Working from the records below, repeat exactly the lines starting at the line that contains "TG2(-/-) mice의 bleomycin-induced" and ending at the line that contains "Indwelling urinary catheterization assembley", inclusive.
*** Extracted data ***
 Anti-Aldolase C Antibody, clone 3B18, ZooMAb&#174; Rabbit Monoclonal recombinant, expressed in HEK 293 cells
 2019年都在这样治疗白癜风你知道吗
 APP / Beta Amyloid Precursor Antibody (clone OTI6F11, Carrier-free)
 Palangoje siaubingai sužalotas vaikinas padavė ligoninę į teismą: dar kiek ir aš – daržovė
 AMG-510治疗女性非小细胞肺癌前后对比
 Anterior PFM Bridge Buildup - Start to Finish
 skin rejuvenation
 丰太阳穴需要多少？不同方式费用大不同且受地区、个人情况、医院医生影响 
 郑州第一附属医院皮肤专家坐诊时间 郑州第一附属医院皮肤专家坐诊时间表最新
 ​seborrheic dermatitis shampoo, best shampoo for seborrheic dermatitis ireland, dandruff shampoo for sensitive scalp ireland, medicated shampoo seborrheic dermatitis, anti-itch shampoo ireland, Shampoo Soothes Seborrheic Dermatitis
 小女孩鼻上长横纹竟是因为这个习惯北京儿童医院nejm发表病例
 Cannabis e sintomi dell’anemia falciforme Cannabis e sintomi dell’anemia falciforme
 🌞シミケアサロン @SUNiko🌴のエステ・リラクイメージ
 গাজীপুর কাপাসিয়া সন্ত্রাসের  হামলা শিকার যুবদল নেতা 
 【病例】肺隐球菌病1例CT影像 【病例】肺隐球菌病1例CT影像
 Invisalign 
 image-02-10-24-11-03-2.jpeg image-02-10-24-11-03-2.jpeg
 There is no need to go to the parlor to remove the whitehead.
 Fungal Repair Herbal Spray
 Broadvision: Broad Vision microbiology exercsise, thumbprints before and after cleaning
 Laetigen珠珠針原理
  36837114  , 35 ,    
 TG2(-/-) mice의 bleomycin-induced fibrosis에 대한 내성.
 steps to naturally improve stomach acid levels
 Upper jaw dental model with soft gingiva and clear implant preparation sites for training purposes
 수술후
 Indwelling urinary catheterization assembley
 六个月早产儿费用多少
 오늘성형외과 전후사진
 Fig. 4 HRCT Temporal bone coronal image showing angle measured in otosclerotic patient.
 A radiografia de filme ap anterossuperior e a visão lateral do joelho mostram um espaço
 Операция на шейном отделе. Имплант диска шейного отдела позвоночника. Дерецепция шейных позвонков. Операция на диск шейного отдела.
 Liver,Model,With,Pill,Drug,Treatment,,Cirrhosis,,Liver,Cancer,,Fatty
*** End of Extracted data ***
- [Result for this exercise]
 TG2(-/-) mice의 bleomycin-induced fibrosis에 대한 내성.
 steps to naturally improve stomach acid levels
 Upper jaw dental model with soft gingiva and clear implant preparation sites for training purposes
 수술후
 Indwelling urinary catheterization assembley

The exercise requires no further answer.